Anyway, the IIF mdx function is a commonly used expression that can be very costly to evaluate. It takes 3 arguments:
iif(<condition>, <then branch>, <else branch>)
Where the condition evaluates to true, the value from the “then branch” is used otherwise the “else branch” expression is used.
Note the term “used” – one or both branches may be evaluated even if its value is not used. It may be cheaper for the engine to evaluate the expression over the entire space and use it when needed (termed an eager plan) rather than chop up the space into a potentially enormous number of fragments and evaluate only where needed (a strict plan).
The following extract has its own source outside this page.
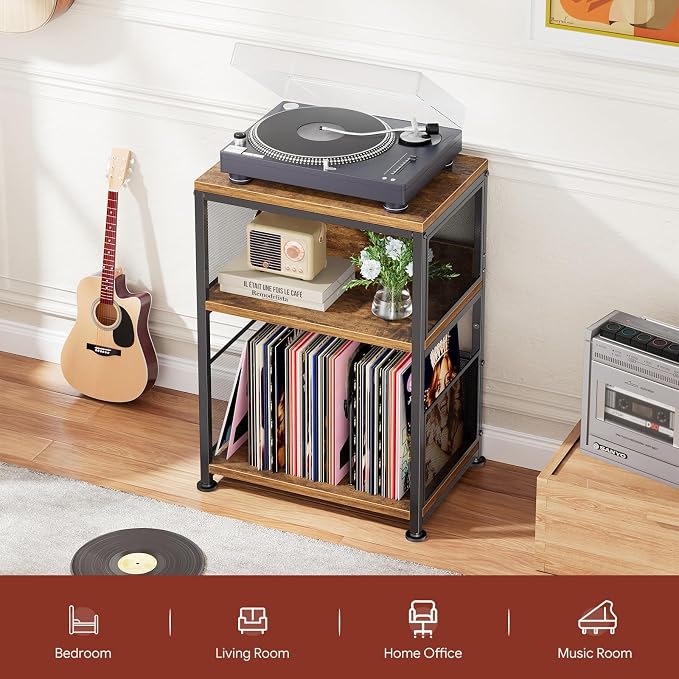 Simple Trending Record Player Stand, Turntable Stand with Vinyl Storage Holds Up to 200 Albums, Large Record Player Table with Adjustable Divider, Rustic Brown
The first consideration is whether the query plan is expensive or inexpensive. An expensive query plan is one that is evaluated in cell-by-cell mode (more on this in a future post) or one that requires reading a cube data (most commonly because a member navigation function is used). Most IIF condition query plans are inexpensive – but nasty nested conditions with more IIFs can force it to go to cell-by-cell (functions that are not cell by cell are listed in the sql documentation).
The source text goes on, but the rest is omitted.